Adel Dridi, le patron de Yosr Développement, qui a escroqué des dizaines de milliers de personnes et vient d'être arrêté par la police après une courte cavale, a des relations avec les Ligues de la protection de la révolution (LPR) et autres officines proches d'Ennahdha.
Par Zohra Abid
Adel Dridi a recueilli les dépôts de plus de 50.000 personnes (chiffre avancé par lui). Beaucoup d'entre eux lui ont remis toutes leurs économies ou le fruit de la vente de leur maison, espérant recueillir, dans des délais exceptionnels, les bénéfices promis par celui que l'on surnomme déjà «Bernard Madoff tunisien» (jusqu'à 400%!).
Robin des Bois à Kabaria
Arrêté une première fois le 12 avril pour opérations financières frauduleuses, il a eu le soutien de plusieurs associations caritatives islamiques nées au lendemain des élections du 23 octobre 2011, ainsi que des membres des LPR, milices proches du parti islamiste Ennahdha, qui sont venus devant le tribunal réclamer la libération de Adel Dridi, «un homme réputé pieux et qui fait ses prières à l'heure à la mosquée», disaient-ils. Il a finalement été libéré, le 29 du même mois, mais son passeport lui a été retiré et ses déplacements limités au district du Grand Tunis, Nabeul et Bizerte, de manière à l'empêcher de s'enfuir par les frontières algériennes (ouest) et libyennes (sud).
Après la révélation, vendredi, du scandale de son escroquerie, des dizaines de ses victimes ont saccagé la maison de sa mère à Kabaria, quartier populaire au sud de Tunis, et d'autres ont manifesté devant la Banque centrale de Tunisie (Bct), dont la réaction très tardive a été assimilée à du laxisme.
Depuis hier, des vidéos, des témoignages et des photos de Dridi en de douteuses compagnies ont été partagés sur les réseaux sociaux.
Parmi les liaisons de l'escroc, on citera l'agitateur islamiste proche d'Ennahdha, Adel Almi (encore lui !), président de l'Association centriste pour la sensibilisation et la réforme (ancien commerçant de fruits et légumes, proche de l'ancien parti de Ben Ali, devenu islamiste après la révolution). Interrogé par certains médias, Adel Almi a nié avoir été escroqué par Adel Dridi.
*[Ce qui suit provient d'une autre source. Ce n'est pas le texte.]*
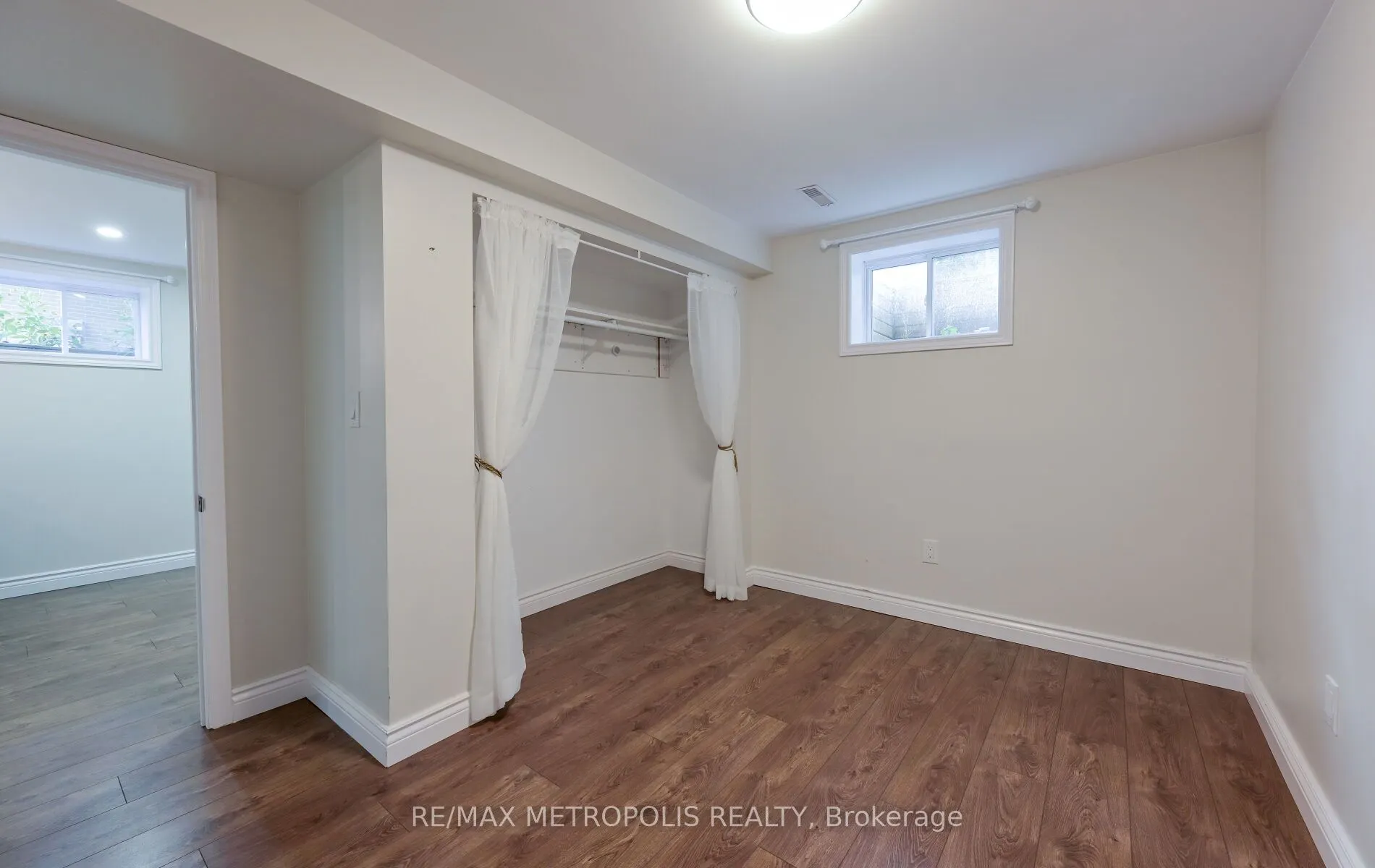 2699 Sherhill Drive, #Lower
Il a cependant avoué qu'il le fréquentait ces derniers temps pour essayer de l'aider à trouver une solution à ses problèmes.
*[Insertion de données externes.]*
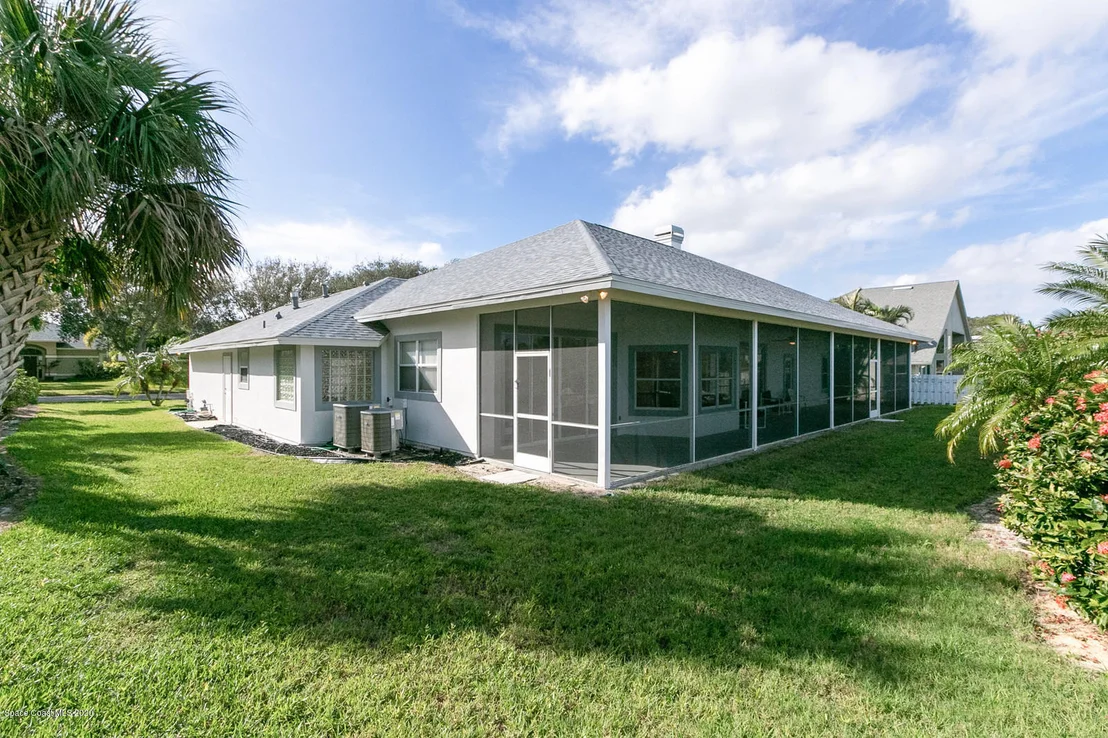Photo of 582 Sanderling Drive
Le grand financier à l’œuvre: un instant de grande jubilation devant l’Éternel...
Adel Dridi avait également un lien avec les LPR de Kabaria, quartier populaire où il habitait et jouait au Robin des Bois en distribuant des aides financières aux pauvres et des repas de rupture du jeûne pendant ramadan, en collaboration avec certaines associations islamiques.
Saura-t-on jamais un jour la vérité?
De mauvaises langues prétendent même – ce que nous n'avons pas pu vérifier – que Adel Dridi serait le gendre (encore un?) de Houcine Jaziri, dirigeant d'Ennahdha et secrétaire d’État chargé de l’Émigration et des Tunisiens à l'étranger. Si cette information se vérifiait, cela ne ferait pas de M. Jaziri un complice, mais elle écornerait son image et celle de son parti.
Reste à savoir où sont allés les centaines de millions de dinars récoltés par Adel Dridi? A qui cette somme mirobolante a-t-elle profité ? Dans quels mystérieuses – et sordides – caisses a-t-elle échoué? Saura-t-on un jour toute la vérité sur cette escroquerie du siècle, que nous devons au laxisme du meilleur gouvernement que le pays ait jamais eu? Connaîtra-t-on, un jour, les complices, les protecteurs, les réseaux et les liaisons électives de M. Dridi? Ou, comme l'enquête sur l'assassinat du dirigeant de gauche Chokri Belaïd, celle sur les malversations de Adel Dridi se perdra dans les méandres d'une justice qui se cherche encore une improbable indépendance?
Illustration: Adel Dridi sait compter l'argent et c'est ce qui l'a perdu.